Les plus grandes vérités sont presque toujours des pléonasmes, car elles sont la remise en lumière d'une évidence oubliée, encrassée de quotidien. Valéry ne manque pas à la règle : « … les âmes singulières… » Mais il n'y a d'âme que singulière, et ce qui n'est pas singulier - le poisson, l'huître, la vague, le grain de sable - n'a pas d'âme.

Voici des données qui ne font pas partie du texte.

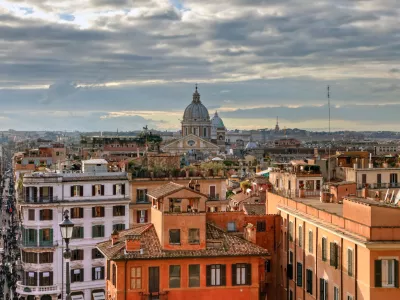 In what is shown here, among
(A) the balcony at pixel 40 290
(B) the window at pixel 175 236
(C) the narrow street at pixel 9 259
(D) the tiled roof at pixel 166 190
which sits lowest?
(C) the narrow street at pixel 9 259

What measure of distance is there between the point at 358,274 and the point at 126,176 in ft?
88.0

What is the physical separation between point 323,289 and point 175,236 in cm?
663

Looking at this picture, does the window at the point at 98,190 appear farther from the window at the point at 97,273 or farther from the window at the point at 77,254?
the window at the point at 97,273

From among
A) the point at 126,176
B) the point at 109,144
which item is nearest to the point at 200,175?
the point at 126,176

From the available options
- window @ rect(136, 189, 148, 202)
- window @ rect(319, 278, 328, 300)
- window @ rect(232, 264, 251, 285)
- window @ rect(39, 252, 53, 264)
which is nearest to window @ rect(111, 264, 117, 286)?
window @ rect(232, 264, 251, 285)

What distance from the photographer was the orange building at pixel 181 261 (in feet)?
101

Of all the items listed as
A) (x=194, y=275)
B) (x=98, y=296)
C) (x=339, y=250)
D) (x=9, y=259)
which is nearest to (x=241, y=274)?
(x=194, y=275)

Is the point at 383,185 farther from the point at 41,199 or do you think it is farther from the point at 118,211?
the point at 41,199

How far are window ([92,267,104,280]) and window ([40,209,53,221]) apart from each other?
4.60m

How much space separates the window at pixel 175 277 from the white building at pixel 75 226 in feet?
64.6

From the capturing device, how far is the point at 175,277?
102ft

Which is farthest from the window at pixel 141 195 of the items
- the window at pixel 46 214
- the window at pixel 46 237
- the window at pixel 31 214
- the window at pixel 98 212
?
the window at pixel 31 214

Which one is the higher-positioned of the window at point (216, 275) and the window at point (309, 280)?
the window at point (216, 275)

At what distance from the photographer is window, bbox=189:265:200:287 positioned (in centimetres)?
3125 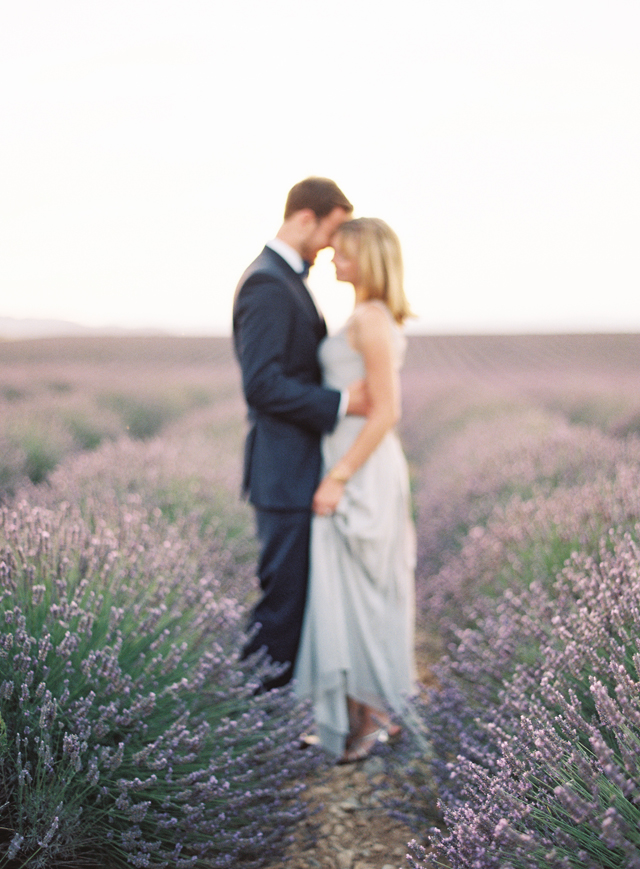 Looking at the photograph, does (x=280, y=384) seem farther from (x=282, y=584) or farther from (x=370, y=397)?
(x=282, y=584)

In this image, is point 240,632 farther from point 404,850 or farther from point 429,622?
point 429,622

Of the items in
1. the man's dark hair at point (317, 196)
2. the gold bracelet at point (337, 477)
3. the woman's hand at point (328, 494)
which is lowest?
the woman's hand at point (328, 494)

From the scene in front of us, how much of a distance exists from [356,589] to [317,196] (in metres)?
1.67

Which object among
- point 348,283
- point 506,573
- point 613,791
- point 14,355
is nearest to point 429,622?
point 506,573

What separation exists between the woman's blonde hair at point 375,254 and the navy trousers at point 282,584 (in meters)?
0.96

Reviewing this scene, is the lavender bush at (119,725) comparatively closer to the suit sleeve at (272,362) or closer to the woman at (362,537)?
the woman at (362,537)

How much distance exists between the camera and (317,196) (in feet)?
8.57

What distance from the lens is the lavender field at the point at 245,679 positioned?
1.27m

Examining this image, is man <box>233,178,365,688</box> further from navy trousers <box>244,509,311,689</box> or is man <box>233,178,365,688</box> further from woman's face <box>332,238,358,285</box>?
woman's face <box>332,238,358,285</box>

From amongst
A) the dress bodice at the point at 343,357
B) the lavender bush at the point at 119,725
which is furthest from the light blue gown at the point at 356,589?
the lavender bush at the point at 119,725

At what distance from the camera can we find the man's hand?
259cm

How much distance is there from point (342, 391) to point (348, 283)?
0.50 metres

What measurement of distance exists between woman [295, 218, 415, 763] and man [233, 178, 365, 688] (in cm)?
7

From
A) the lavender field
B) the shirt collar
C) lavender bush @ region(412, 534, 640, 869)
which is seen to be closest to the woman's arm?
the shirt collar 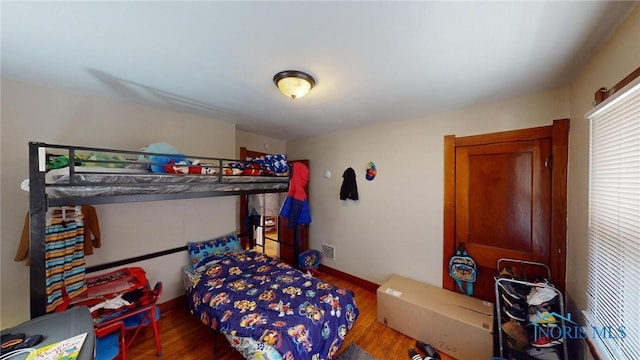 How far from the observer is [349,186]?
120 inches

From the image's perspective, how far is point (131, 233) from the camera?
2.12 meters

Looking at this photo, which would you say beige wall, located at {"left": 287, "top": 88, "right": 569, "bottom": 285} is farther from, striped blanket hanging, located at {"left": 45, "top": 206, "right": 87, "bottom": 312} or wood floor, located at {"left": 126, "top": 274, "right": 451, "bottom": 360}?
striped blanket hanging, located at {"left": 45, "top": 206, "right": 87, "bottom": 312}

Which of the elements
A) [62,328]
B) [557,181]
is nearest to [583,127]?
[557,181]

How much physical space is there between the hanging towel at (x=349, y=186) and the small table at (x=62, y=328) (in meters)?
2.61

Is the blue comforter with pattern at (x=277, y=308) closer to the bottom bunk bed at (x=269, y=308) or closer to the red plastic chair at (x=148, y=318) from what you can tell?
the bottom bunk bed at (x=269, y=308)

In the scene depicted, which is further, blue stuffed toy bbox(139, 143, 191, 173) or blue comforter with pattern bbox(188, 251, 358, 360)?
blue stuffed toy bbox(139, 143, 191, 173)

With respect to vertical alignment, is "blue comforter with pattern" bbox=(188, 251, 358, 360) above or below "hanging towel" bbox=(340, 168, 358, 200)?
below

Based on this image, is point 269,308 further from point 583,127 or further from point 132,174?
point 583,127

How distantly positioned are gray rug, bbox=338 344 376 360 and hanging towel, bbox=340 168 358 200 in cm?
172

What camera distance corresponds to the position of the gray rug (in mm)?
1793

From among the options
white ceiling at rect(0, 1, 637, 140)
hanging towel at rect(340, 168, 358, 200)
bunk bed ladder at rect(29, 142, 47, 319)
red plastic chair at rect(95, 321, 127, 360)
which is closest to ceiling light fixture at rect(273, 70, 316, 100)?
white ceiling at rect(0, 1, 637, 140)

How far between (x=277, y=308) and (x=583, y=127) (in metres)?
2.64

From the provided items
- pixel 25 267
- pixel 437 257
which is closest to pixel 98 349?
pixel 25 267

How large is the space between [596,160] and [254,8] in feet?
7.04
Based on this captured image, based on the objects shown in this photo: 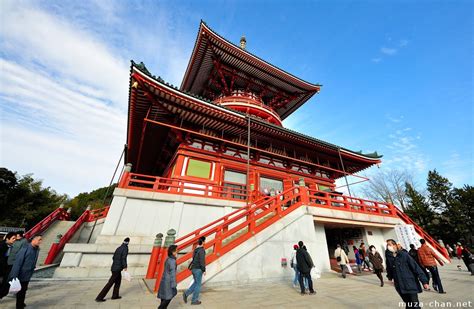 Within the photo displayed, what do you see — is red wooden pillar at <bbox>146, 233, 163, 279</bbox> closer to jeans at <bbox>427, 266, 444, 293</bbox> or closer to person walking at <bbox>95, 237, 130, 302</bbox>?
person walking at <bbox>95, 237, 130, 302</bbox>

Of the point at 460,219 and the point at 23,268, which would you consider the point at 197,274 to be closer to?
the point at 23,268

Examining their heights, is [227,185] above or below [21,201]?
below

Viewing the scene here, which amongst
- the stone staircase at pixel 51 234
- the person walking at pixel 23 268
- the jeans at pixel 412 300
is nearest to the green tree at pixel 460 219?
the jeans at pixel 412 300

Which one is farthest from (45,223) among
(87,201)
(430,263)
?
(87,201)

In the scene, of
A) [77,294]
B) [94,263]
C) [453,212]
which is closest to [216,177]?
[94,263]

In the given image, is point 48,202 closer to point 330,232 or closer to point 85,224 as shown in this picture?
point 85,224

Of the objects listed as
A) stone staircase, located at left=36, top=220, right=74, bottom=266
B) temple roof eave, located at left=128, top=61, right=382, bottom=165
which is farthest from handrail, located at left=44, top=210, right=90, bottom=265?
temple roof eave, located at left=128, top=61, right=382, bottom=165

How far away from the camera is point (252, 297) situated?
517 cm

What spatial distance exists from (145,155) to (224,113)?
373 inches

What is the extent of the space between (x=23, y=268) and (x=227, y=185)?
918cm

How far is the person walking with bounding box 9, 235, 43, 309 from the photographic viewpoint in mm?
4004

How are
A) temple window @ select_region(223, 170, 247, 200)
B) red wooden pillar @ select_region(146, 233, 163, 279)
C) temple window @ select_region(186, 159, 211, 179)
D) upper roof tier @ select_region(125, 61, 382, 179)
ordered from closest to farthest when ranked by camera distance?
red wooden pillar @ select_region(146, 233, 163, 279) → upper roof tier @ select_region(125, 61, 382, 179) → temple window @ select_region(186, 159, 211, 179) → temple window @ select_region(223, 170, 247, 200)

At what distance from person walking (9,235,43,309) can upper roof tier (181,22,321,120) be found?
14037mm

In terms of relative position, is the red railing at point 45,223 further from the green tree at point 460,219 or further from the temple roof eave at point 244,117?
the green tree at point 460,219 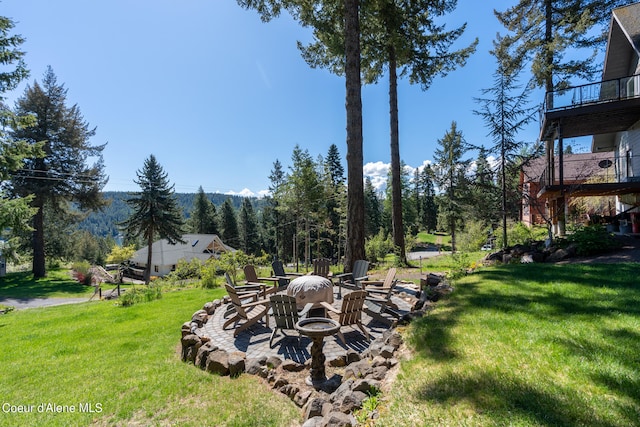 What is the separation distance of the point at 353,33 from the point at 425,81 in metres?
5.58

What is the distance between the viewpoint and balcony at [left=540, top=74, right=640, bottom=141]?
31.6ft

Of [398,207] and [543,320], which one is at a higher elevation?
[398,207]

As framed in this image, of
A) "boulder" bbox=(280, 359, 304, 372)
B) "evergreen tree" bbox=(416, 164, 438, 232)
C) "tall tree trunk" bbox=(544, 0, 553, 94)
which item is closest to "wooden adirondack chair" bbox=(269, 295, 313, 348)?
"boulder" bbox=(280, 359, 304, 372)

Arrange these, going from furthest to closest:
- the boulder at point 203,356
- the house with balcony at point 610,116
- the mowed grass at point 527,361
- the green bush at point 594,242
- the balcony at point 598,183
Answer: the house with balcony at point 610,116 → the balcony at point 598,183 → the green bush at point 594,242 → the boulder at point 203,356 → the mowed grass at point 527,361

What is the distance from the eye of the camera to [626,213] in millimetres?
10727

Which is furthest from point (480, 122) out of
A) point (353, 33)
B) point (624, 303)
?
point (624, 303)

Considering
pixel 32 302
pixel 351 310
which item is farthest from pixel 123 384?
pixel 32 302

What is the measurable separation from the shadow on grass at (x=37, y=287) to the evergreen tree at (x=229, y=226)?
24.2 metres

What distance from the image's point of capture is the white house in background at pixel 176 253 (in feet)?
116

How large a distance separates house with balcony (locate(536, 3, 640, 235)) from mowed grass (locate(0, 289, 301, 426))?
11.1m

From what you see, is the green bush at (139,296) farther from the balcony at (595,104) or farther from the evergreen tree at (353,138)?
the balcony at (595,104)

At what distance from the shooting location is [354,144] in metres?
9.86

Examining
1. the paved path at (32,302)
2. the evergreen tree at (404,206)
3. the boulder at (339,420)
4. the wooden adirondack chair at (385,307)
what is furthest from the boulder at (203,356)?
the evergreen tree at (404,206)

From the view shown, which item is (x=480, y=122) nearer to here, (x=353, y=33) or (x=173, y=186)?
(x=353, y=33) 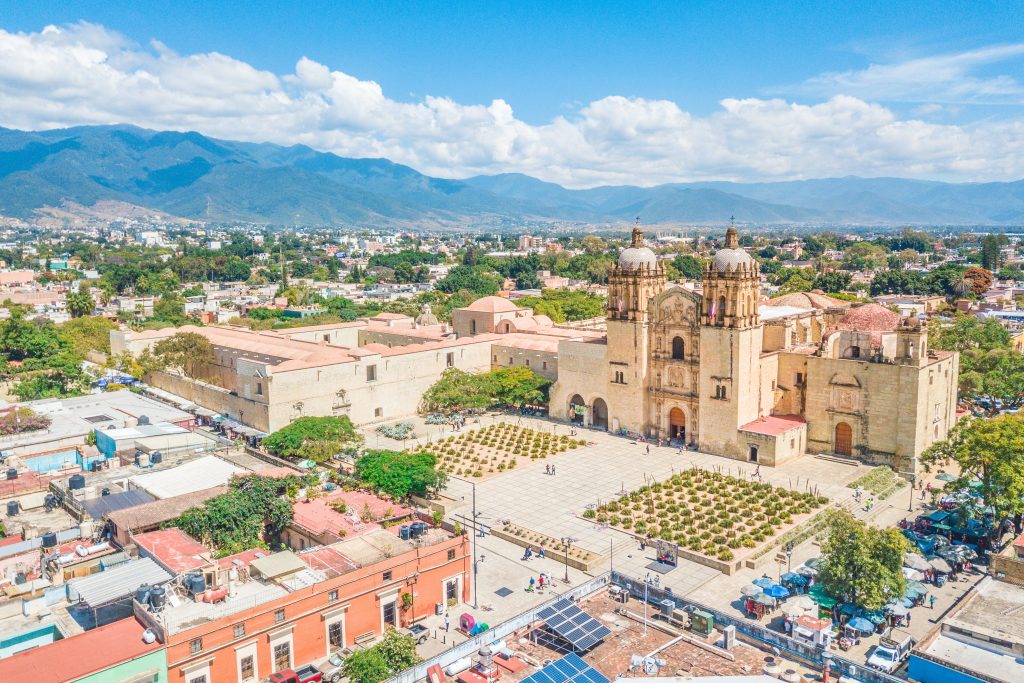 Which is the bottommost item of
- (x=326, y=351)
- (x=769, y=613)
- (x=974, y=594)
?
(x=769, y=613)

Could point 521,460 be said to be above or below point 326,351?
below

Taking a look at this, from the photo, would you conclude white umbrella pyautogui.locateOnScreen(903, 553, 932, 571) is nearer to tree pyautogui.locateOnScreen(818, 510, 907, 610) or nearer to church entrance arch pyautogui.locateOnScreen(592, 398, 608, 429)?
tree pyautogui.locateOnScreen(818, 510, 907, 610)

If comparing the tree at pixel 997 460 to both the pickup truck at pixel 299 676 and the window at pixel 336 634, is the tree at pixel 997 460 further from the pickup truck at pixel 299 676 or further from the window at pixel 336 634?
the pickup truck at pixel 299 676

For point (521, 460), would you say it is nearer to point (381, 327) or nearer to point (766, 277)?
point (381, 327)

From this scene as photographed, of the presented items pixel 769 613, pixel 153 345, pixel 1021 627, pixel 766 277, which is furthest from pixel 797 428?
pixel 766 277

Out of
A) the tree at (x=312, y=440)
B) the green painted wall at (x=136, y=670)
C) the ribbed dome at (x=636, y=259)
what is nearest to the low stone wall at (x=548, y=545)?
the tree at (x=312, y=440)

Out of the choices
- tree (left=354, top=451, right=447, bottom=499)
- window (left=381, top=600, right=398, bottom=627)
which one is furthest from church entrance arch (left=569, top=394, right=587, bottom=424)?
window (left=381, top=600, right=398, bottom=627) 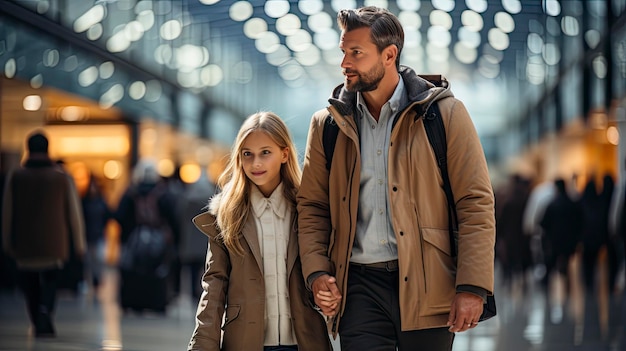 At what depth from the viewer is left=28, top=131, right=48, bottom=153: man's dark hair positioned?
9.91 meters

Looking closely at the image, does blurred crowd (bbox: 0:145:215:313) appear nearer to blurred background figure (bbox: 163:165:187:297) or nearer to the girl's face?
blurred background figure (bbox: 163:165:187:297)

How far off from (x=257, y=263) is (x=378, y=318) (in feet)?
1.75

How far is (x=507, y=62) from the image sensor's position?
34.2m

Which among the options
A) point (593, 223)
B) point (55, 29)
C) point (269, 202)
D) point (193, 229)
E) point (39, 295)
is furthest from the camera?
point (593, 223)

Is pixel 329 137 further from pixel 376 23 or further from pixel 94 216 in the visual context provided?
pixel 94 216

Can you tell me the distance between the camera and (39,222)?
32.5 feet

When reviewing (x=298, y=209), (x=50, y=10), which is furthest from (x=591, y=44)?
(x=298, y=209)

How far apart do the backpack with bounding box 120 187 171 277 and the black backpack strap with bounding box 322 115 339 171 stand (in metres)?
7.83

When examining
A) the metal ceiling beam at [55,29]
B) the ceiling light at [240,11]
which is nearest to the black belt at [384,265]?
the metal ceiling beam at [55,29]

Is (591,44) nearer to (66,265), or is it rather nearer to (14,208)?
(66,265)

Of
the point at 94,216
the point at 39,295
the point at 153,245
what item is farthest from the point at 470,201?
the point at 94,216

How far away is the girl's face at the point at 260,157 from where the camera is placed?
14.2 feet

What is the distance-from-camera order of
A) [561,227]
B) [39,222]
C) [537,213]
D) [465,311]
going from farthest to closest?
[537,213] → [561,227] → [39,222] → [465,311]

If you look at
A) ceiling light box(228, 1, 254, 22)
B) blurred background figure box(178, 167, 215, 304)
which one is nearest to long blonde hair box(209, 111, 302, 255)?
blurred background figure box(178, 167, 215, 304) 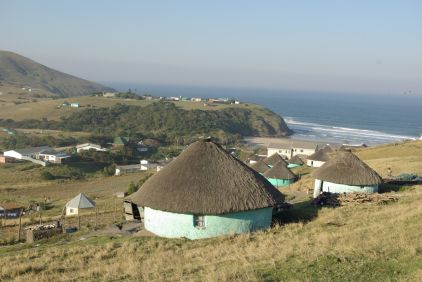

Ira-t-on jusqu'à réciproquer la formule et dire que tout ce qui est singulier est âme ? Le propos serait hardi, mais le regard que l’artiste porte sur le monde nous inclinerait à y songer. Il nous faudrait alors envisager d'accorder une sorte d'âme - non point immortelle, non point responsable - à la moindre chose, au moindre objet inanimé, à la moindre mouche, pourvu qu'on les sache regarder dans leur singularité. Toute chose regardée avec amour serait alors originale de par l'originalité du regardant. L'orgueil valéryen, qui prend si aisément des airs de dédain, voire de mépris ou de morgue, n'aurait besoin que d'une infime chiquenaude pour se convertir (le terme est à double sens) en une charité qui étendrait sa bénédiction sur tous les êtres. Un Valéry moins raide que celui des monographies n'écrit-il pas, dans Mélanges :

« Que de choses tu n'as pas même vues, dans cette rue où tu passes six fois le jour, dans ta chambre où tu vis tant d'heures par jour. Regarde l'angle que fait cette arête de meuble, avec le plan de la vitre. Il faut le reprendre au quelconque, au visible non vu - le sauver - lui donner ce que tu donnes par imitation, par insuffisance de ta sensibilité, au moindre paysage sublime, coucher de soleil, tempête marine, ou à quelque œuvre de musée. Ce sont là des regards tout faits. Mais donne à ce pauvre, à ce coin, à cette heure et choses insipides, et tu seras récompensé au centuple. »

Miracle de cet orgueil solipsiste qui, se voulant d'abord constitution d'une originalité tout égoïste, finit par la conférer à toutes choses qui sont au monde.